## Brief
Give back every record word for word, but keep the pictures out.

Stored dataset items:
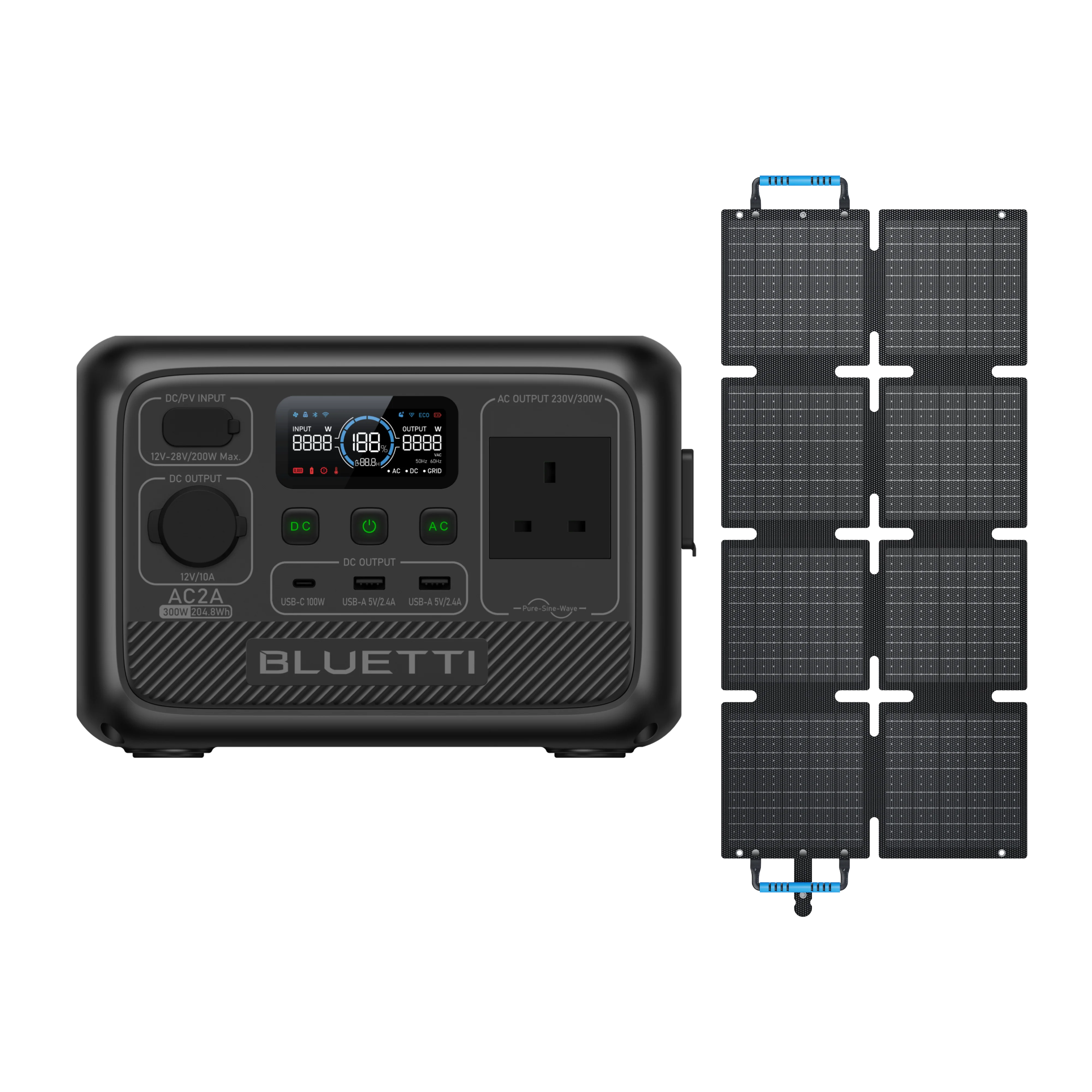BLUETTI AC2A Portable Power Station | 300W 204Wh (Amazon) - Image 11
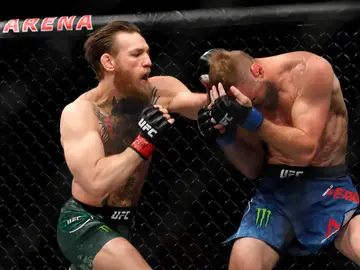 McGregor vence a Cerrone McGregor vence a Cerrone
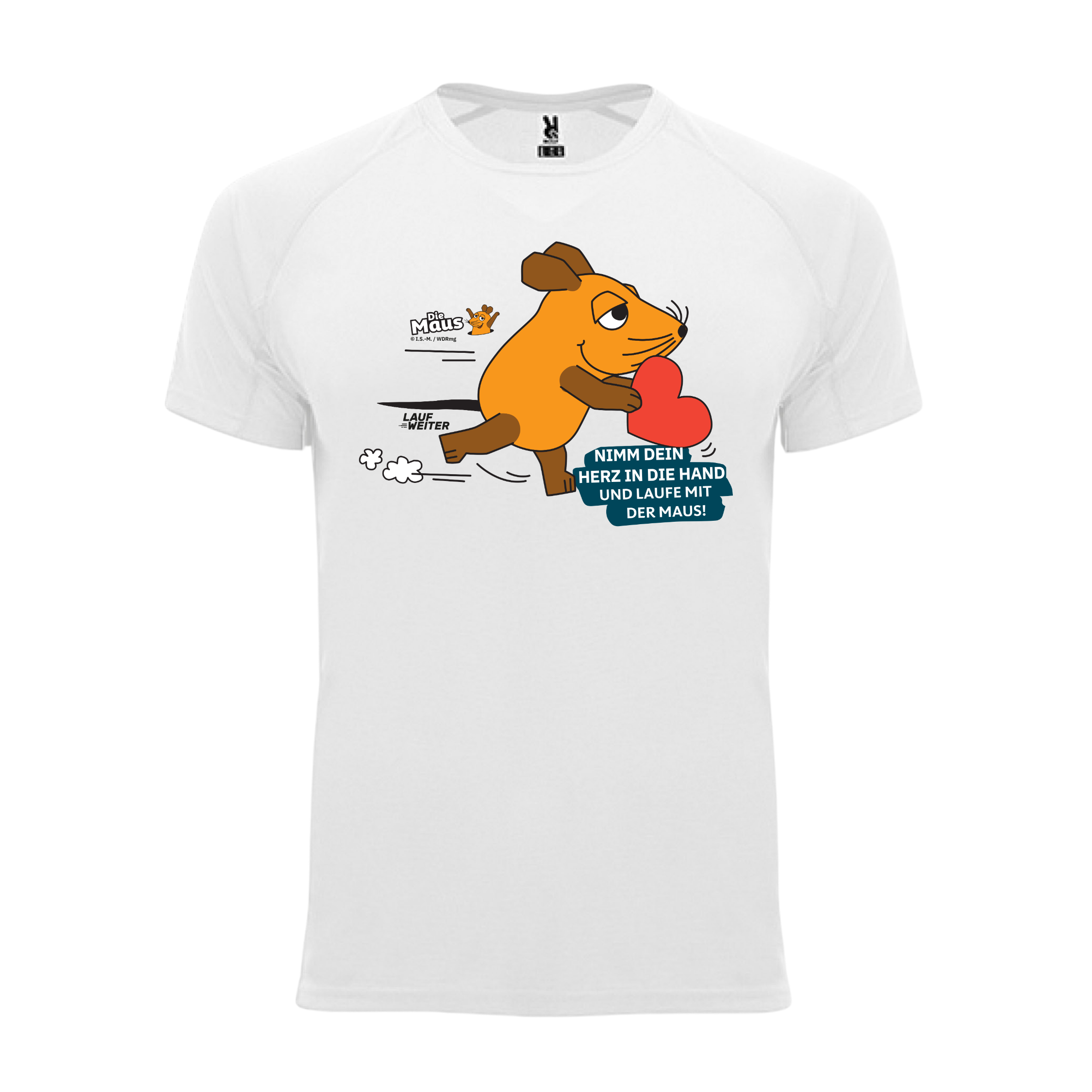 Funktionsshirt "DieMaus" Herren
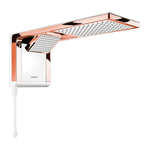 ChuveiroAcquaDuoUltraBrancoRoseGold220V7800WLORENZETTI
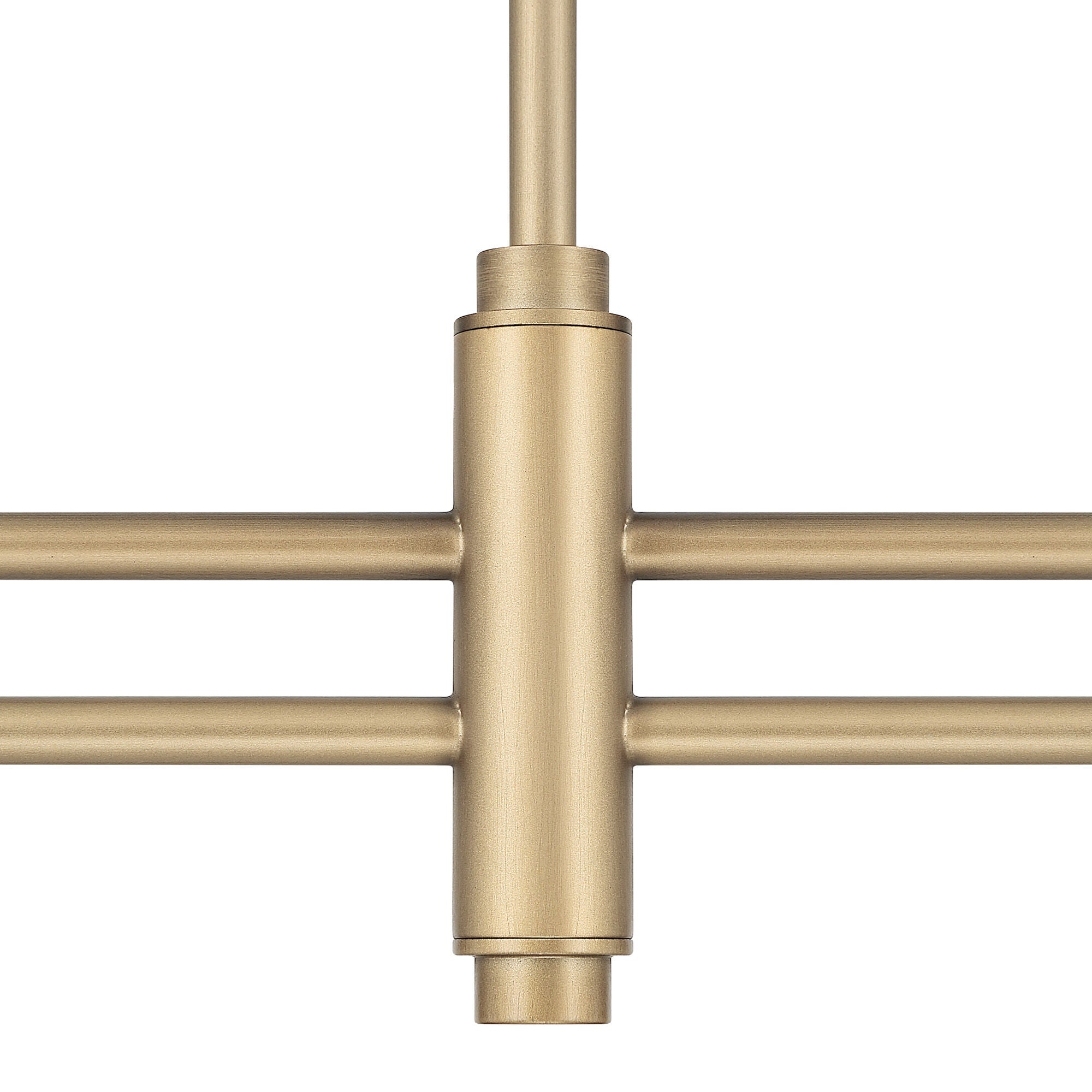 Camelia Stem Medium Linear Chandelier,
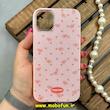قاب گوشی iPhone 11 آیفون شاین سخت HARD طرح پاپیون کیوت کد 86167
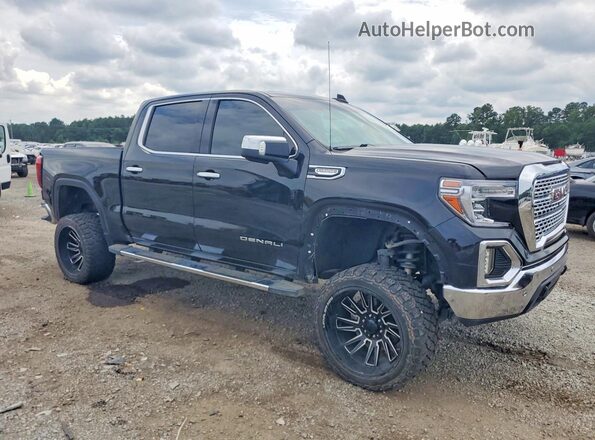3GTP8DED7KG227114 2019 GMC SIERRA Black Вид спереду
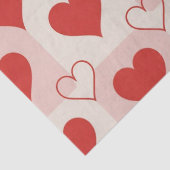 Modern Love Patroon Tissuepapier (Detail)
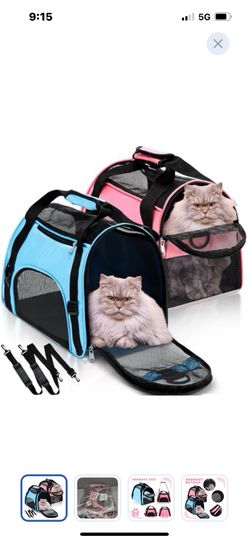 “New”Pet Carrier”Airline Approved “”(Blue)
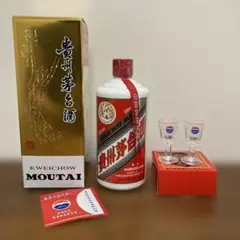 【新品未開栓】貴州茅台酒 MOUTAI マオタイ 白酒 中国酒(2024) 楽天市場】貴州茅台酒 マオタイ酒 MOUTAI 53度 500ml 中国 白酒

## Answer for the task
BLUETTI AC2A Portable Power Station | 300W 204Wh (Amazon) - Image 11
 McGregor vence a Cerrone McGregor vence a Cerrone
 Funktionsshirt "DieMaus" Herren
 ChuveiroAcquaDuoUltraBrancoRoseGold220V7800WLORENZETTI
 Camelia Stem Medium Linear Chandelier,
قاب گوشی iPhone 11 آیفون شاین سخت HARD طرح پاپیون کیوت کد 86167
3GTP8DED7KG227114 2019 GMC SIERRA Black Вид спереду
 Modern Love Patroon Tissuepapier (Detail)
 “New”Pet Carrier”Airline Approved “”(Blue)
 【新品未開栓】貴州茅台酒 MOUTAI マオタイ 白酒 中国酒(2024) 楽天市場】貴州茅台酒 マオタイ酒 MOUTAI 53度 500ml 中国 白酒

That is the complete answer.